What to produce:
This calls for a word-for-word copy of all the data, with each picture removed.

Records:
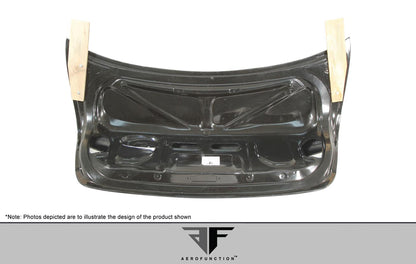 2006-2008 BMW 3 Series Aero Function AF-1 Carbon Fiber Trunk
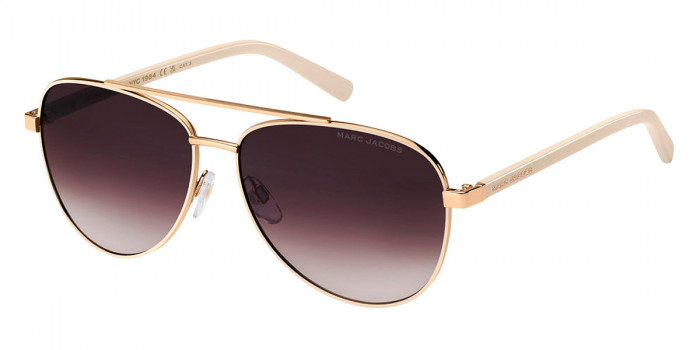 Marc Jacobs™ MARC 760/S 0VVPHA 60 - Gold Ivory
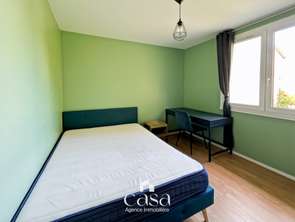 Location Appartement T1Hérouville-Saint-Clair Péripherie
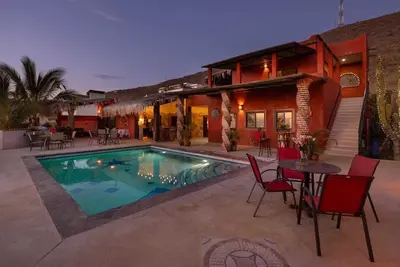 Image de Villa Etaño, Beautiful Beach Home in El Pescadero B. C. S.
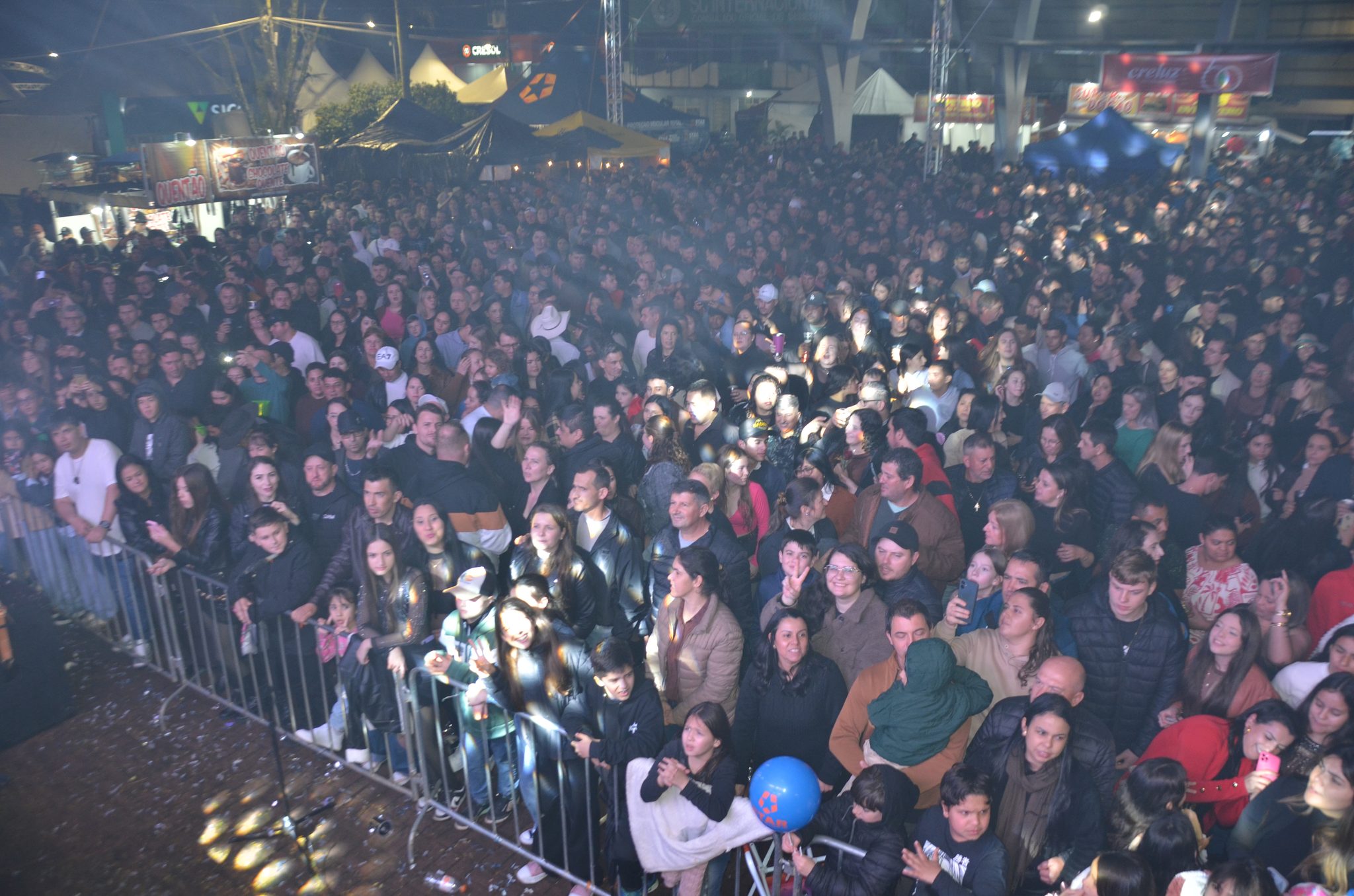 Seberi Agro Fest 2026 - sexta-feira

Written response:
 2006-2008 BMW 3 Series Aero Function AF-1 Carbon Fiber Trunk
 Marc Jacobs™ MARC 760/S 0VVPHA 60 - Gold Ivory
 Location Appartement T1Hérouville-Saint-Clair Péripherie
 Image de Villa Etaño, Beautiful Beach Home in El Pescadero B. C. S.
 Seberi Agro Fest 2026 - sexta-feira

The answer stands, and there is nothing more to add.